### INPUT DATA
· · · ·

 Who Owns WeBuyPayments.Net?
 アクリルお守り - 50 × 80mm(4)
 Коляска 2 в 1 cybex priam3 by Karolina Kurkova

· · · ·

### WORK INSTRUCTIONS
Line by line, repeat the material precisely.

### EXERCISE SOLUTION
 Who Owns WeBuyPayments.Net?
 アクリルお守り - 50 × 80mm(4)
 Коляска 2 в 1 cybex priam3 by Karolina Kurkova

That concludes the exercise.